The following non-comprehensive list of assets are examples of like-kind property:

  • Unimproved Property
  • Improved Property
  • Vacant Land
  • Net-Lease Property
  • Commercial Buildings
  • Rental Properties
  • Farms or Ranches
  • Resort Property
  • Industrial Property
  • Retail Property
  • Office Buildings
  • Self-Storage Facilities
  • Senior-Living Centers
  • Hotels or Motels
  • Restaurants
  • Daycare Facilities
  • Tire and Automotive Stores
  • TIC Properties

The following would qualify for 1031 exchange treatment:

  • Raw land for farmland.
  • Oil & gas interests for a ranch.
  • Fee simple interest in real estate for a TIC (Tenancy-in-Common) interest).
  • Commercial, industrial, or retail rental properties for any other commercial real estate.
  • Rental beach condos for a multi-family building.

Besides the like-kind requirement, timing is also crucial in qualifying for 1031 treatment.

From a timing perspective, there are two types of exchanges: simultaneous and deferred:

  • A simultaneous exchange involves either two parties “swapping” properties with each other, or the exchange closing on both the sale of the relinquished property and the acquisition of the replacement property on the same day.
  • By far the most common form of exchange, a deferred exchange is an exchange in which the investor has 180 days to finalize the exchange after it takes place.

For example, if an investor sells an apartment building they have 45 days to identify a replacement property and the purchase of the like-kind property must be completed within 180 days of the sale of the apartment building.

In big, related news, on April 9, 2020, the Treasury Department issued Notice 2020-23, which addressed the threat posed by the COVID-19 crisis to 1031 exchange timing issues by extending the 45-day and 180-day deadlines beyond their scheduled deadlines to July 15, 2020.

In a deferred exchange, the investor must use a qualified intermediary. A qualified intermediary is an agent who facilitates the 1031 exchange process, by holding net proceeds from the relinquished property before they are reinvested in the replacement property.

The 1031 exchange is a big deal and a valuable tool used by the wealthy to defer taxes in perpetuity – especially on property owned through an entity that makes transferring interests upon death or other life events more convenient.
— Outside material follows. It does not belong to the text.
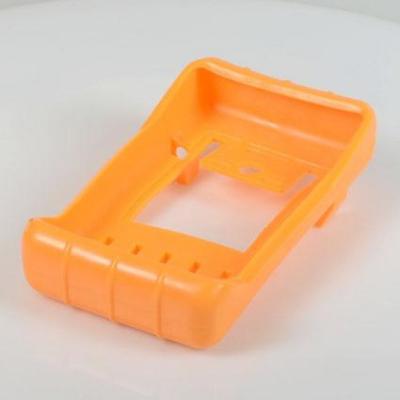 Holster (кожух)  на DT830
Although property owned by an individual cannot be exchanged for a partnership interest in a real estate investment fund, nothing stops that fund from taking advantage of 1031 exchanges at the entity level and deferring taxes at the entity-level for the benefit of its investors indefinitely.

The mega-wealthy love commercial real estate and they love any favorable tax laws that reduce their tax liabilities and put more money in their pockets for building wealth.

And one of their favorite tax strategies is the 1031 exchange, which they take advantage of liberally through both direct investments and indirect investments in private real estate funds that take advantage of 1031 exchanges to defer tax liabilities for the benefit of their investors.